- Born: 10 July 1928 Benoni, Gauteng, South Africa
- Died: 29 January 2021 (aged 92) Cape Town, South Africa
- Education: University of the Witwatersrand
- Occupations: ticket booking agent and author
- Known for: pioneer of South African entertainment industry and launched world's first electronic theatre booking system.
- Website: percytucker.com

= Percy Tucker =

South African ticket booking agent and author (1928–2021)

Percy Tucker (10 July 1928 - 29 January 2021) was a South African ticket booking agent and author. He launched the first electronic theatre booking system in the world in 1971. He was regarded as a pioneer in the entertainment industry of South Africa. He was also nicknamed as South Africa's ticket master.

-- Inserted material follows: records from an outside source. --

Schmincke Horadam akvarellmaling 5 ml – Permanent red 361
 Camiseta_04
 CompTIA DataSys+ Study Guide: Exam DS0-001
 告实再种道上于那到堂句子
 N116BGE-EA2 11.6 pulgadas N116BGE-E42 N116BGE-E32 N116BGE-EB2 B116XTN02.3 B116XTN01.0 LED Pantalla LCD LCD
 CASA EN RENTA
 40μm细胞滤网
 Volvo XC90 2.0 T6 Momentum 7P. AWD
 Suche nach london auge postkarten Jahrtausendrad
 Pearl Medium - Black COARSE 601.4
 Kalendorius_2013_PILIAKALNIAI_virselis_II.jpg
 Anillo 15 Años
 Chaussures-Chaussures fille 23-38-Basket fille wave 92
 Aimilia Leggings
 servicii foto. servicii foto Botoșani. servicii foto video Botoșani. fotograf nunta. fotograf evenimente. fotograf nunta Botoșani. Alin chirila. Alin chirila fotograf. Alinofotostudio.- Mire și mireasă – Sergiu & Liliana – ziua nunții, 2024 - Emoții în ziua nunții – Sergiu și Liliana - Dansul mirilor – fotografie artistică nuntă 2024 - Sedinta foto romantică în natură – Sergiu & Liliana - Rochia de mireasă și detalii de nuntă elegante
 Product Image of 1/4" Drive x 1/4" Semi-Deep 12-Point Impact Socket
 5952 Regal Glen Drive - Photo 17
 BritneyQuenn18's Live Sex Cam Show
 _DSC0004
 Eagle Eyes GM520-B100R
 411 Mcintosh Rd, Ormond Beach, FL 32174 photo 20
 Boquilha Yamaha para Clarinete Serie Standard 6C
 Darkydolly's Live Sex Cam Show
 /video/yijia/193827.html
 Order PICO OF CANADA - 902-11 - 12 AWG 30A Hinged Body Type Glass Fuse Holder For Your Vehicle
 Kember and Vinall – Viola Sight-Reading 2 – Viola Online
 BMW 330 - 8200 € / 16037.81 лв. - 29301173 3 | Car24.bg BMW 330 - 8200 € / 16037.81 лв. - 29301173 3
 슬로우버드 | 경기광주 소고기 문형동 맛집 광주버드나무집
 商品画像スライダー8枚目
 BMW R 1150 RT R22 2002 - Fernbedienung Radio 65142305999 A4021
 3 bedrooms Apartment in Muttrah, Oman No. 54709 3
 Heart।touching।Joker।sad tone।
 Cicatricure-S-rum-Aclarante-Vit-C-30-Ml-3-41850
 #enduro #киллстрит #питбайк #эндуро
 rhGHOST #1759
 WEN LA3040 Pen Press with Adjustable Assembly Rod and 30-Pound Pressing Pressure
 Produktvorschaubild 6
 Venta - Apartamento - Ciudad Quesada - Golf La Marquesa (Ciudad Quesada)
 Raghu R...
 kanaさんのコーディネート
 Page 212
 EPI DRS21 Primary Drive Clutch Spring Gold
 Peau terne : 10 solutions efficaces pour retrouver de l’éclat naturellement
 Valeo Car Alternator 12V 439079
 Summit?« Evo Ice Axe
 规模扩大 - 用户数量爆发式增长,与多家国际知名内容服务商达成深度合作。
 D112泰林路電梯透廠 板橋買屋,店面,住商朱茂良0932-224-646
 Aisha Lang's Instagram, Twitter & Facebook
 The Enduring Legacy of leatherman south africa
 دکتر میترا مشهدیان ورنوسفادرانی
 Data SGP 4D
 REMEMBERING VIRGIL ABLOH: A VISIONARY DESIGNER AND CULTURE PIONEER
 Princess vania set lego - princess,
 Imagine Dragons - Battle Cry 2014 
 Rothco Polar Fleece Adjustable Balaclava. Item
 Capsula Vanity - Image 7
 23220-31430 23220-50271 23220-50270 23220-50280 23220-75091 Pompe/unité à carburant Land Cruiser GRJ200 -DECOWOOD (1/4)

==Early life and education==
Percy Tucker was born on 10 July 1928, in Benoni, Gauteng. His family lived across the street from Benoni Town Hall and at the age of 10 he rented the lounge suite of his family home to a touring theatre company, receiving tickets to their production in exchange. He completed his primary education at the Benoni High School and pursued his higher education at the University of the Witwatersrand where he obtained his B. Com. In 1942, he became a backstage worker and later was stage manager at the East Rand Theatre Club.

==Career==
In 1954, he opened Show Service which was eventually the first South African professional theatre office in Johannesburg. It was also the first centralised ticket-booking agency in South Africa. His decision to pursue his professional career as a ticket seller did not go well with his father as he was not pleased to see his son doing such a meander job after graduating from university.

Tucker travelled to the United States in 1969, looking for a computerised means of handling inventory. He and other investors purchased the Computicket software and an IBM System/360 Model 50. In 1971, Tucker launched Computicket which was the world's first full-fledged operative computerised, centralised ticket booking system which drastically changed the fortunes in the global entertainment industry. It also changed the complexion of the marketing strategy of entertainment tickets worldwide.

He retired in 1994 having been CEO of Computicket since its inception. After his retirement, he focused on his autobiography titled Just the Ticket - My 50 Years in Show Business about the history of South African theatre. It was published in 1997.

==Later life and death==
Tucker was partner to Graham Dickason for 50 years until his death in November 2020. Tucker himself died from complications of COVID-19 on 29 January 2021, at the age of 92, during the COVID-19 pandemic in South Africa.